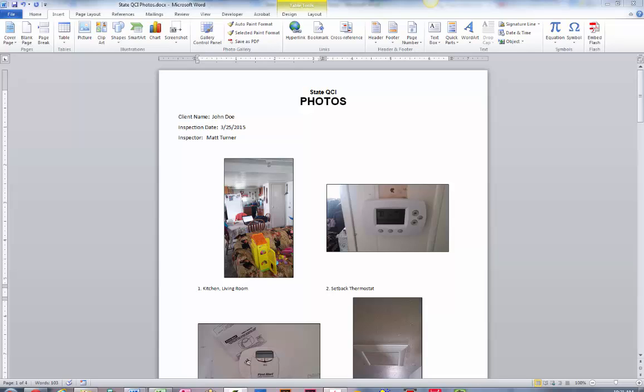I recently found an add-in for Microsoft Word that I found very helpful and I just wanted to share it with everybody in case it's something that might help you in your processes.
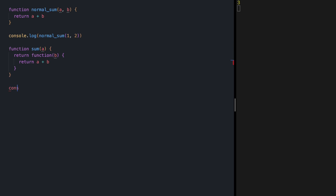Let's try this. Console.log sum(1) — we call it with 1, which returns another function that expects a second parameter, and if we do this, we get 3 again.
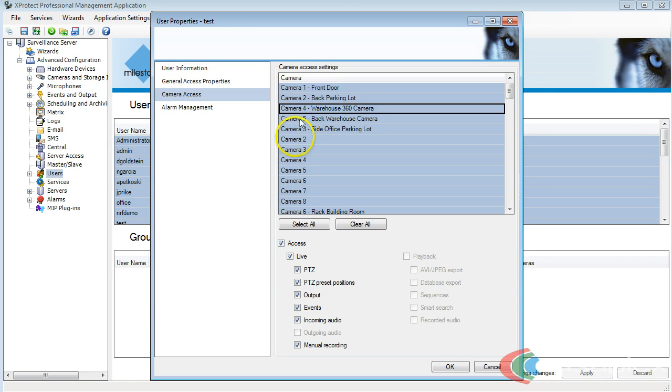Come down here, select on the camera, and then I can come down here and uncheck the check mark next to Access.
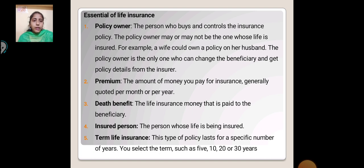Term Life Insurance: This type of insurance lasts for a specific number of years. You select the term, such as 5, 10, 20, or 30 years.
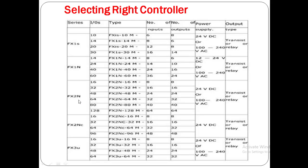In the FX2N series, from 16 to 128 input/outputs are available. FX2N 128M has 64 inputs and 64 outputs. FX2N 64M consists of 32 inputs and 32 outputs. In FX2N 80M, the total I/O is 80 — 40 inputs and 40 outputs. In FX2NC, from 16 to 96 I/O are available; minimum is 8 inputs and 8 outputs in FX2NC 16M, and FX2NC 96M has 48 inputs and 48 outputs.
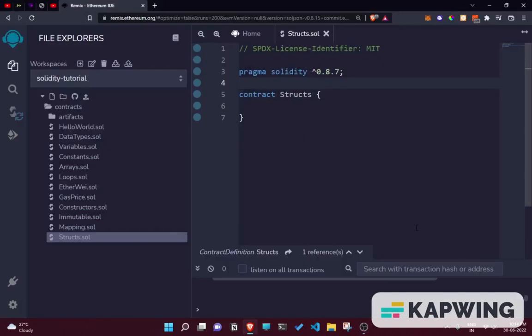Let's talk about what structs are. Structs are essentially a collection of variables that can be of different types under a single name. Structs are helpful in grouping together related information, or if you have a large amount of data and you want to group them together — that's where structs come into the picture.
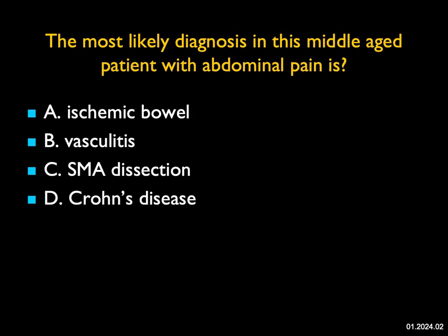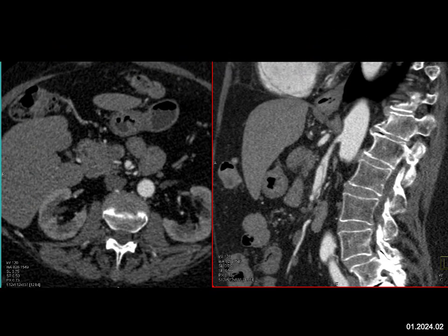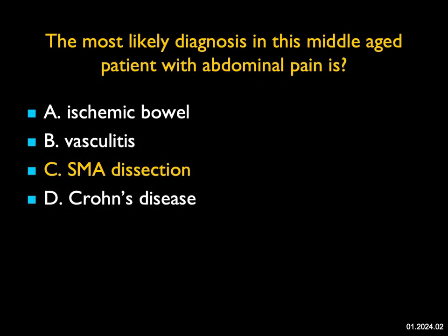The most likely diagnosis in this middle-aged patient with abdominal pain is? We look at the images and you can see the bowel looks okay. Kidneys, as visualized, look okay, as does the liver. But when you look at the axial views, there's a linear line through the SMA, which is better seen on the sagittal views — that's a dissection of the patient's SMA. I don't see ischemic bowel. There are a number of causes for SMA dissection, from trauma to procedures to vasculitis, including fibromuscular dysplasia and SAM. The best diagnosis in this case is SMA dissection. A really nice example.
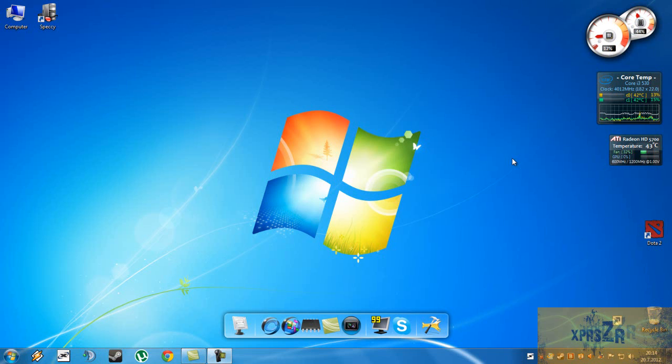Hey everyone, Xpress here and in this video I'll be teaching you how to see your system information and also your PC specs.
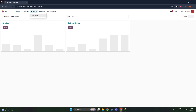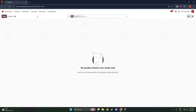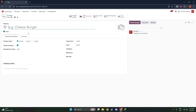Once you're in the products section, look for a button or an option that says Create. When you click on this, a new interface or form will open up, prompting you to enter various details about the product you'd like to add. The key here is to be as thorough and accurate as possible, since these details will define how the product is shown and managed across your Odoo setup.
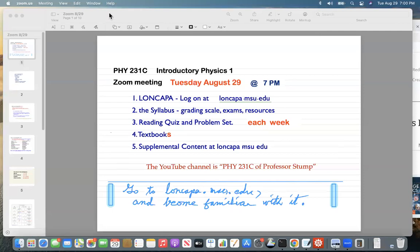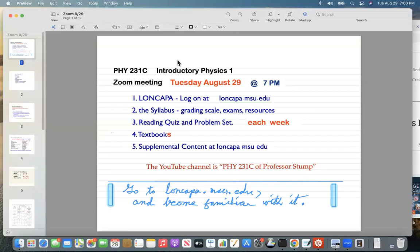The recording should be running now. The purpose of this meeting is to get started on the course. This is an online course, so we'll only meet via Zoom. All the work for the course will be done on LON-CAPA at loncapa.msu.edu — we'll look at that in a minute.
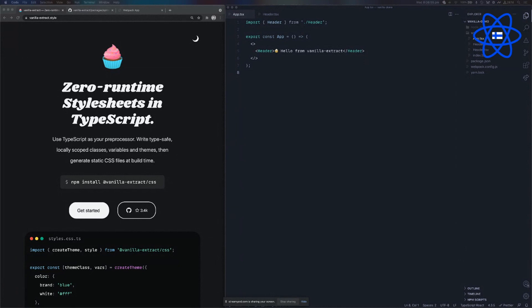Hey everyone, my name is Mark Dalgleish, and what I'm going to be doing today is giving you a live demo of this relatively new library that I and others have been working on called Vanilla Extract.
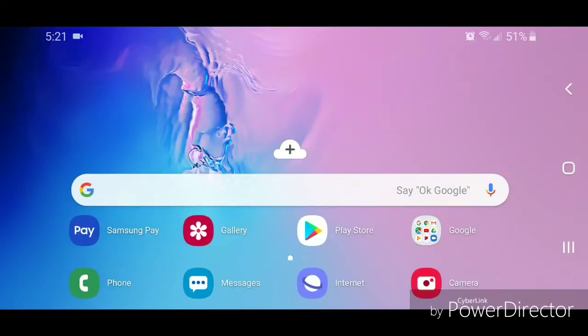So that's how you set the Samsung Galaxy S10e to show the battery percentage on the status bar. I hope you guys enjoyed this tutorial and I'll see you in my next video.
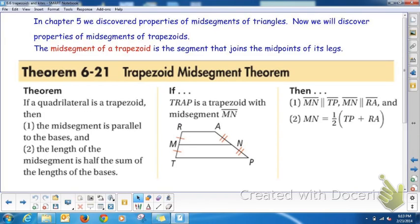In chapter 5, we discovered properties of mid-segments of triangles. Now in this section, we're going to talk about properties of mid-segments of trapezoids. The mid-segment of a trapezoid is the segment that joins the midpoints of its legs. If a quadrilateral is a trapezoid, then its mid-segment is parallel to the bases. For trapezoid TRAP with mid-segment MN, M is the midpoint of RT and N is the midpoint of AP, so this mid-segment is parallel to the bases.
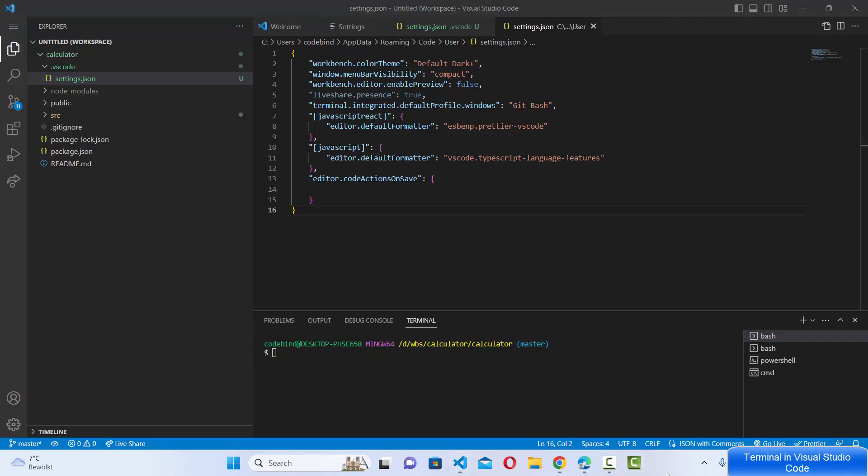So this is how you can open the terminal in Visual Studio Code. I hope you have enjoyed this video. I will see you in the next video.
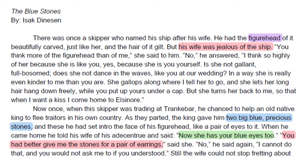There was once a skipper who named his ship after his wife. He had the figurehead of it beautifully carved, just like her, with the hair of it curled. But his wife was jealous of the ship. 'You think more of the figurehead than of me,' she said to him. 'No,' he answered, 'I think so highly of her because she is like you — yes, because she is you yourself. Is she not gallant? Full-bosomed? Does she not dance in the waves like you at our wedding?'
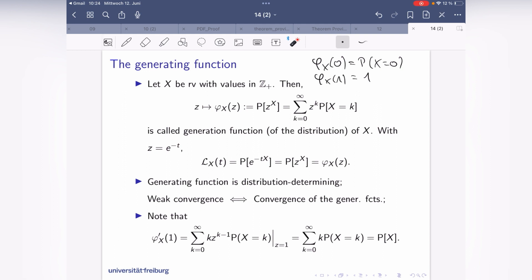The Laplace transform is useful for determining convergence, and the same holds for the generating function. If you substitute z = e^{−t}, then z^k = e^{−tk}, which means the Laplace transform at t equals the generating function at e^{−t}. So you can translate between the Laplace transform and the generating function.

● **Directions for this task**: What is needed is a word-for-word restatement of the entries, minus any pictures.

● **Exercise response**:
I recently found an add-in for Microsoft Word that I found very helpful and I just wanted to share it with everybody in case it's something that might help you in your processes.
Let's try this. Console.log sum(1) — we call it with 1, which returns another function that expects a second parameter, and if we do this, we get 3 again.
Come down here, select on the camera, and then I can come down here and uncheck the check mark next to Access.
Term Life Insurance: This type of insurance lasts for a specific number of years. You select the term, such as 5, 10, 20, or 30 years.
In the FX2N series, from 16 to 128 input/outputs are available. FX2N 128M has 64 inputs and 64 outputs. FX2N 64M consists of 32 inputs and 32 outputs. In FX2N 80M, the total I/O is 80 — 40 inputs and 40 outputs. In FX2NC, from 16 to 96 I/O are available; minimum is 8 inputs and 8 outputs in FX2NC 16M, and FX2NC 96M has 48 inputs and 48 outputs.
Let's talk about what structs are. Structs are essentially a collection of variables that can be of different types under a single name. Structs are helpful in grouping together related information, or if you have a large amount of data and you want to group them together — that's where structs come into the picture.
The most likely diagnosis in this middle-aged patient with abdominal pain is? We look at the images and you can see the bowel looks okay. Kidneys, as visualized, look okay, as does the liver. But when you look at the axial views, there's a linear line through the SMA, which is better seen on the sagittal views — that's a dissection of the patient's SMA. I don't see ischemic bowel. There are a number of causes for SMA dissection, from trauma to procedures to vasculitis, including fibromuscular dysplasia and SAM. The best diagnosis in this case is SMA dissection. A really nice example.
Hey everyone, Xpress here and in this video I'll be teaching you how to see your system information and also your PC specs.
Once you're in the products section, look for a button or an option that says Create. When you click on this, a new interface or form will open up, prompting you to enter various details about the product you'd like to add. The key here is to be as thorough and accurate as possible, since these details will define how the product is shown and managed across your Odoo setup.
The recording should be running now. The purpose of this meeting is to get started on the course. This is an online course, so we'll only meet via Zoom. All the work for the course will be done on LON-CAPA at loncapa.msu.edu — we'll look at that in a minute.
Hey everyone, my name is Mark Dalgleish, and what I'm going to be doing today is giving you a live demo of this relatively new library that I and others have been working on called Vanilla Extract.
So that's how you set the Samsung Galaxy S10e to show the battery percentage on the status bar. I hope you guys enjoyed this tutorial and I'll see you in my next video.
In chapter 5, we discovered properties of mid-segments of triangles. Now in this section, we're going to talk about properties of mid-segments of trapezoids. The mid-segment of a trapezoid is the segment that joins the midpoints of its legs. If a quadrilateral is a trapezoid, then its mid-segment is parallel to the bases. For trapezoid TRAP with mid-segment MN, M is the midpoint of RT and N is the midpoint of AP, so this mid-segment is parallel to the bases.
So this is how you can open the terminal in Visual Studio Code. I hope you have enjoyed this video. I will see you in the next video.
There was once a skipper who named his ship after his wife. He had the figurehead of it beautifully carved, just like her, with the hair of it curled. But his wife was jealous of the ship. 'You think more of the figurehead than of me,' she said to him. 'No,' he answered, 'I think so highly of her because she is like you — yes, because she is you yourself. Is she not gallant? Full-bosomed? Does she not dance in the waves like you at our wedding?'
The Laplace transform is useful for determining convergence, and the same holds for the generating function. If you substitute z = e^{−t}, then z^k = e^{−tk}, which means the Laplace transform at t equals the generating function at e^{−t}. So you can translate between the Laplace transform and the generating function.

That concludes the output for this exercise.